(To do):
Would you retype, word for word, the line with "Michelin Pilot Sport" and each line after it to the end of the entries below, leaving the pictures out?

Scraped caption text data
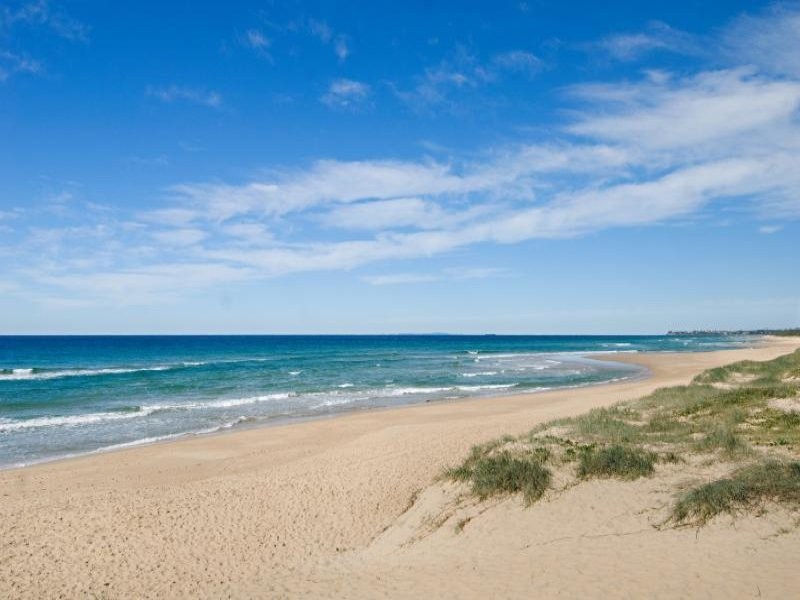 209 Oceanic Drive, Warana QLD 4575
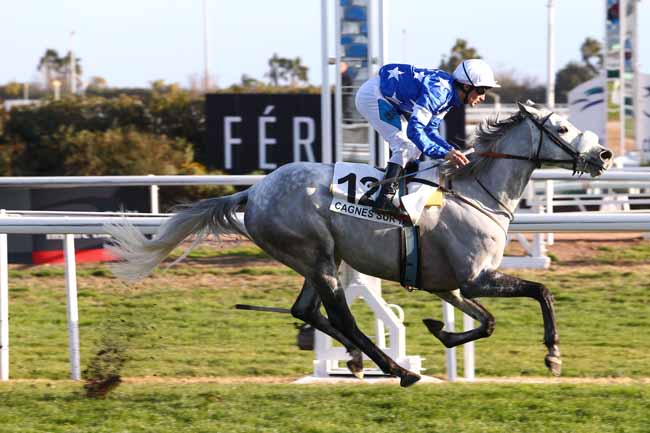 Photo d'arrivée de la course pmu PRIX DE TOURETTES-SUR-LOUP à CAGNES-SUR-MER le Vendredi 20 janvier 2017
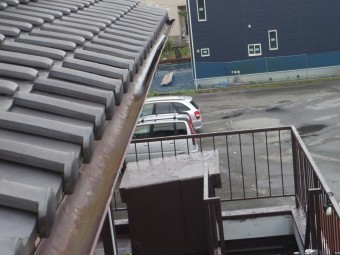 宇都宮市H様、住宅入り口、軒樋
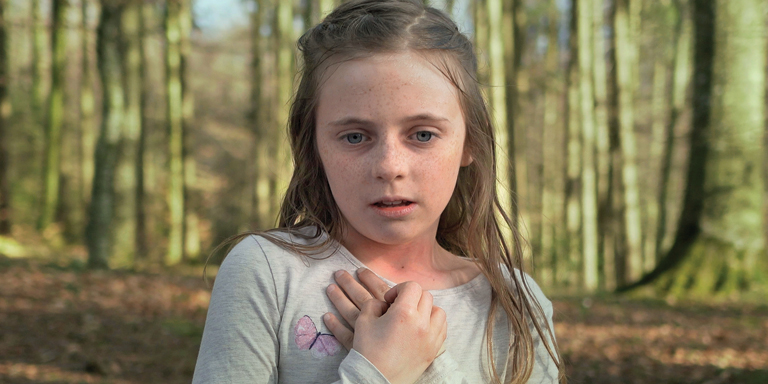 l'enfant souffre de choc allergique et d'essoufflement et se prend les mains dans la gorge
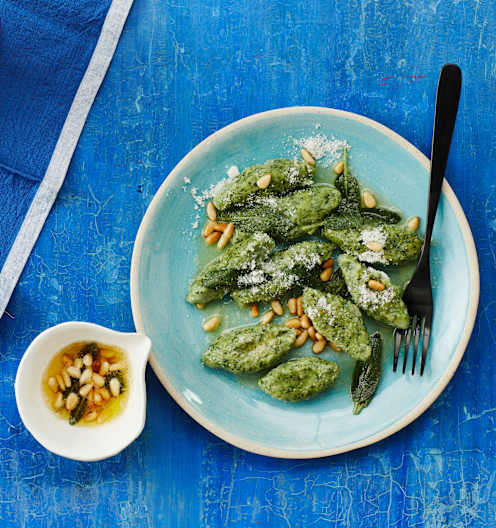 Malfatti mit Salbei, brauner Butter und Käse - Cookidoo® – the official ... Malfatti mit Salbei, brauner Butter und Käse - Cookidoo® – the official ...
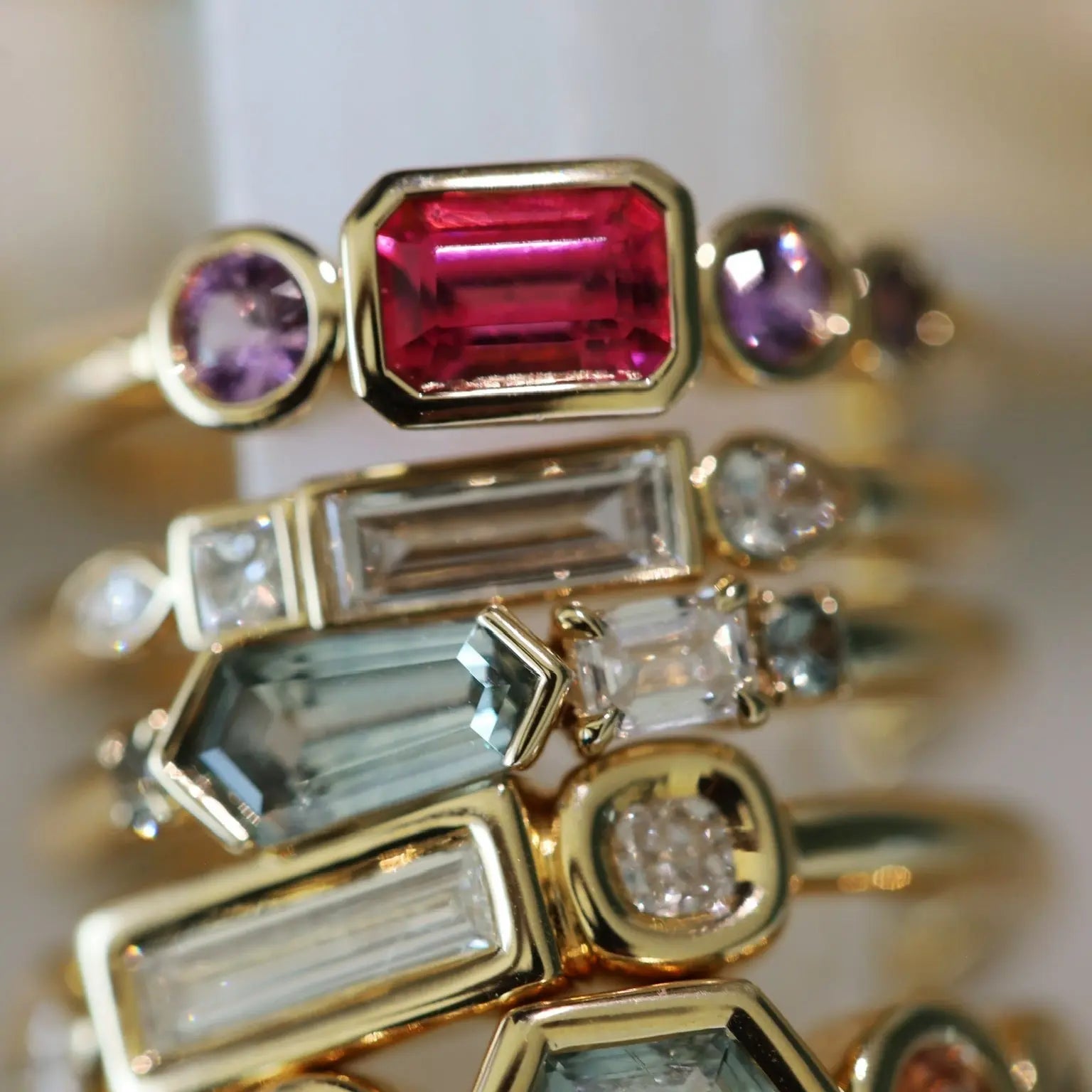 0.56ct Hot Pink Sapphire Linear Band - Image 4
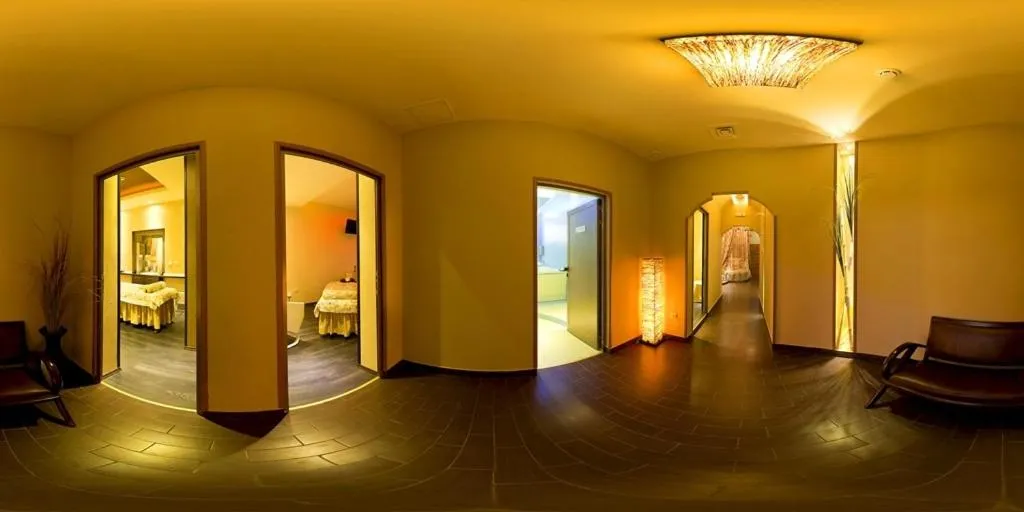 Decorative detail in Diplomat Plaza Hotel & Resort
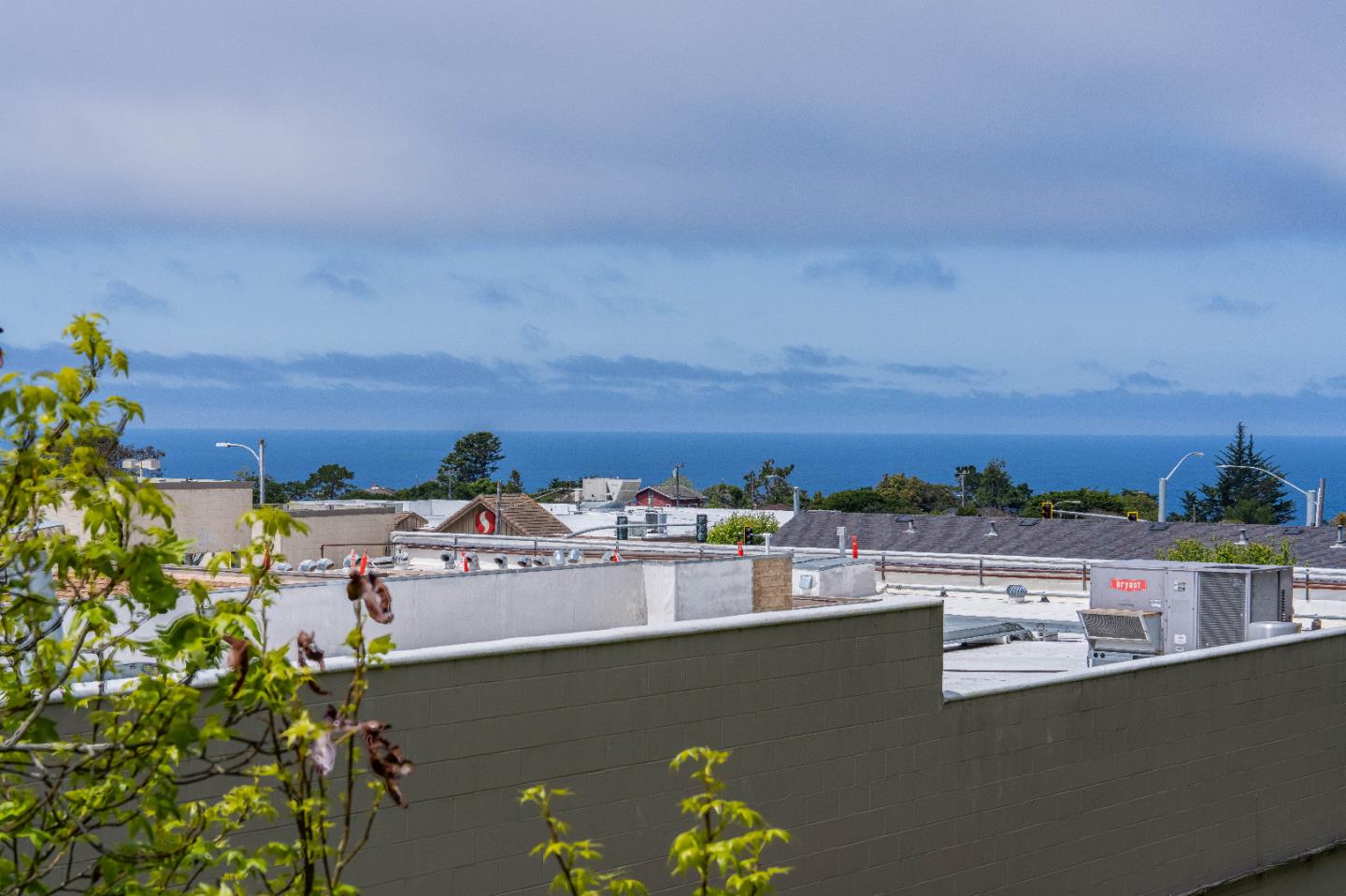 Detail Gallery Image 5 of 37 For 330 Stuart Ave, Pacific Grove,  CA 93950 - 4 Beds | 2 Baths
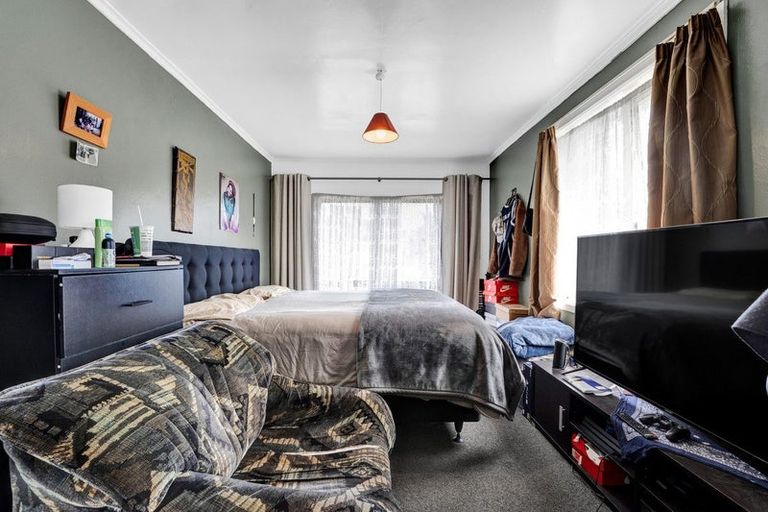 Photo of property in 2 Egmont Street, Patea, 4520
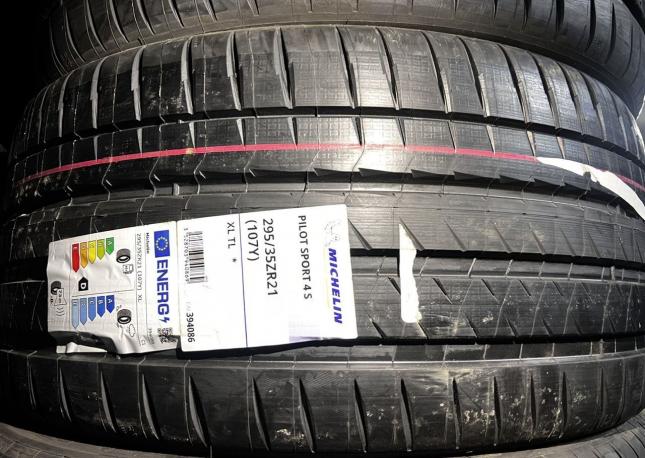 Michelin Pilot Sport 4 S 315/30 R22 и 295/35 R21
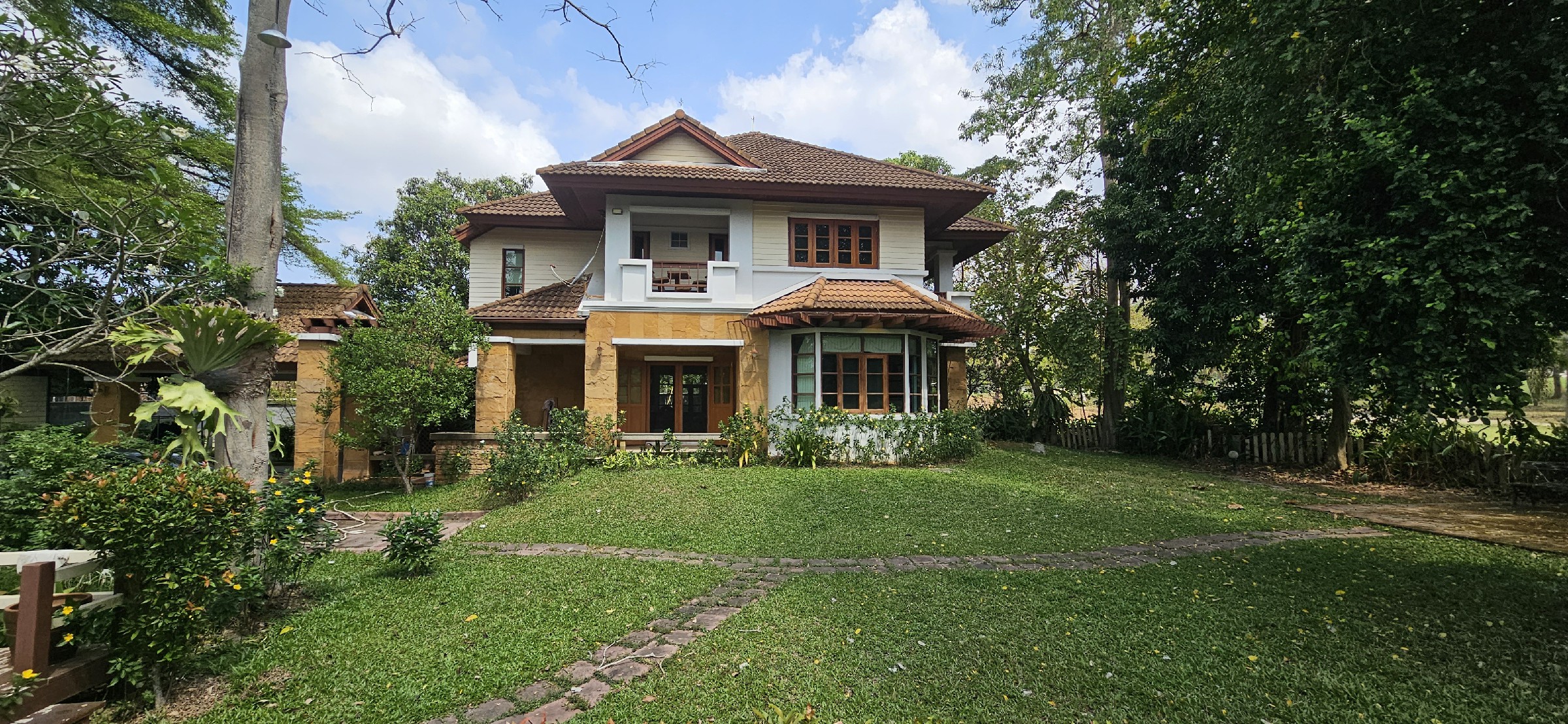 #3423   Older house in 1 rai beside the fairway at Phoenix Golf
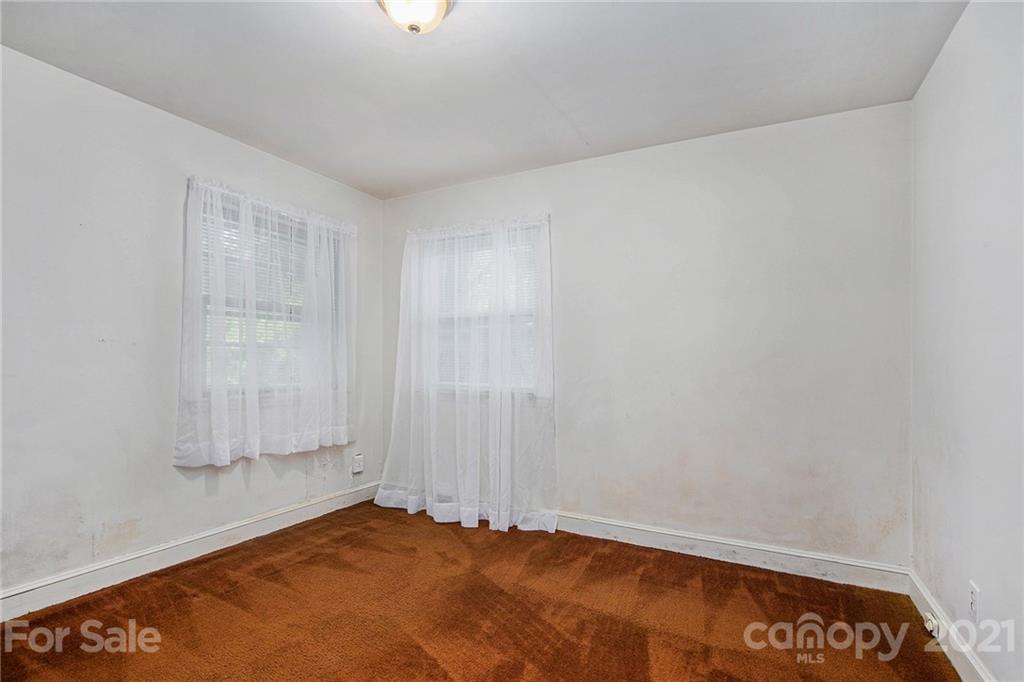 2719 Tallu Road Charlotte, NC 28269 - Photo 17 of 28 Gallery Image 17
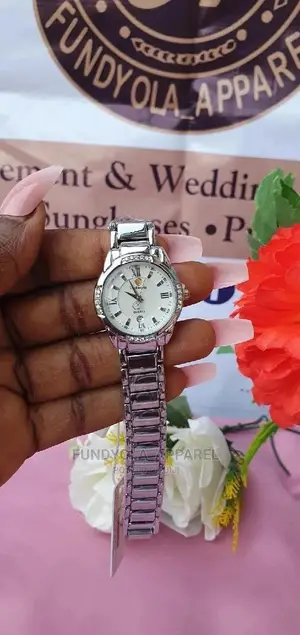 Female Sliver Small Face Wrist Watch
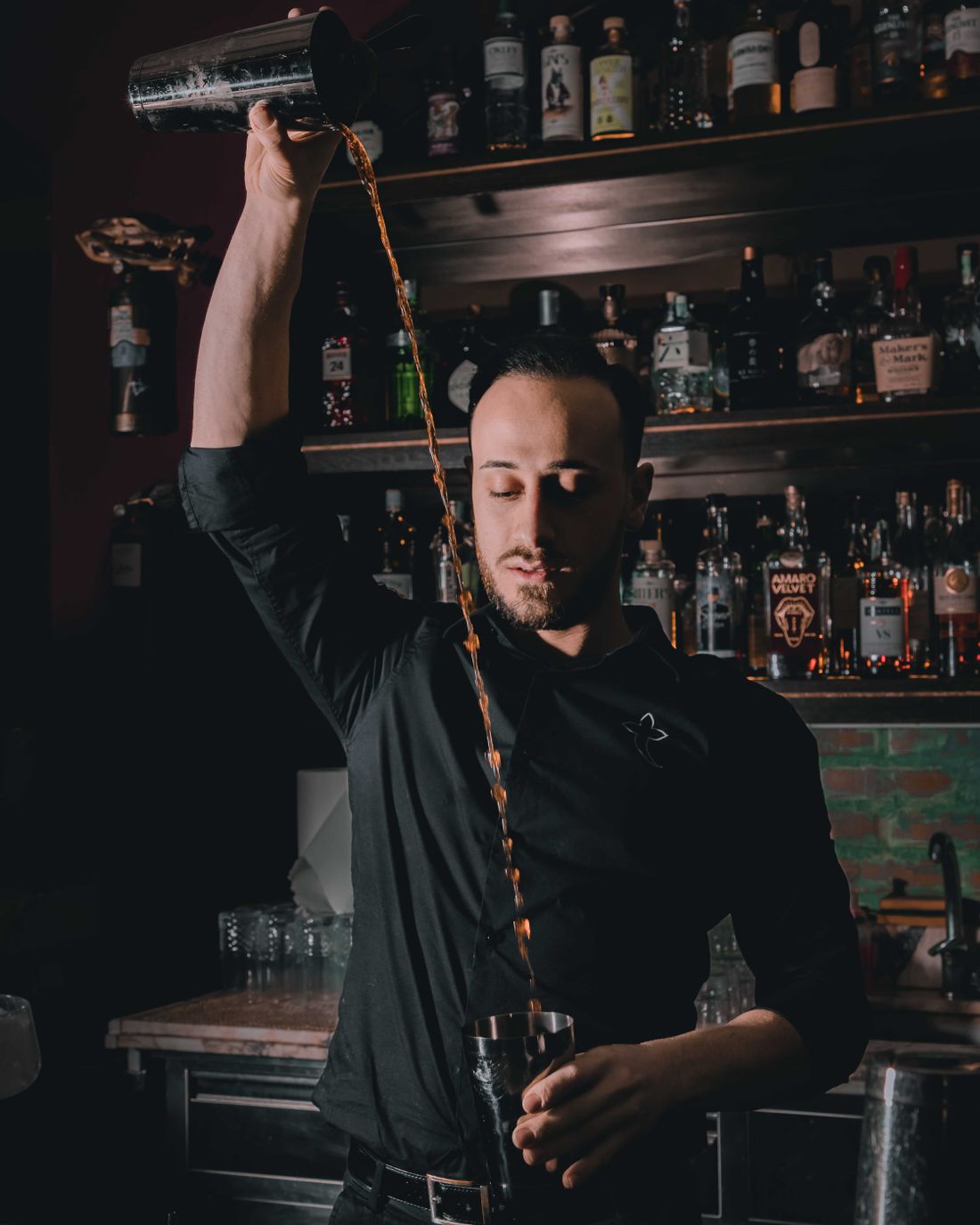 Kokteyl hazırlayan barmen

(Output below):
 Michelin Pilot Sport 4 S 315/30 R22 и 295/35 R21
 #3423   Older house in 1 rai beside the fairway at Phoenix Golf
 2719 Tallu Road Charlotte, NC 28269 - Photo 17 of 28 Gallery Image 17
 Female Sliver Small Face Wrist Watch
 Kokteyl hazırlayan barmen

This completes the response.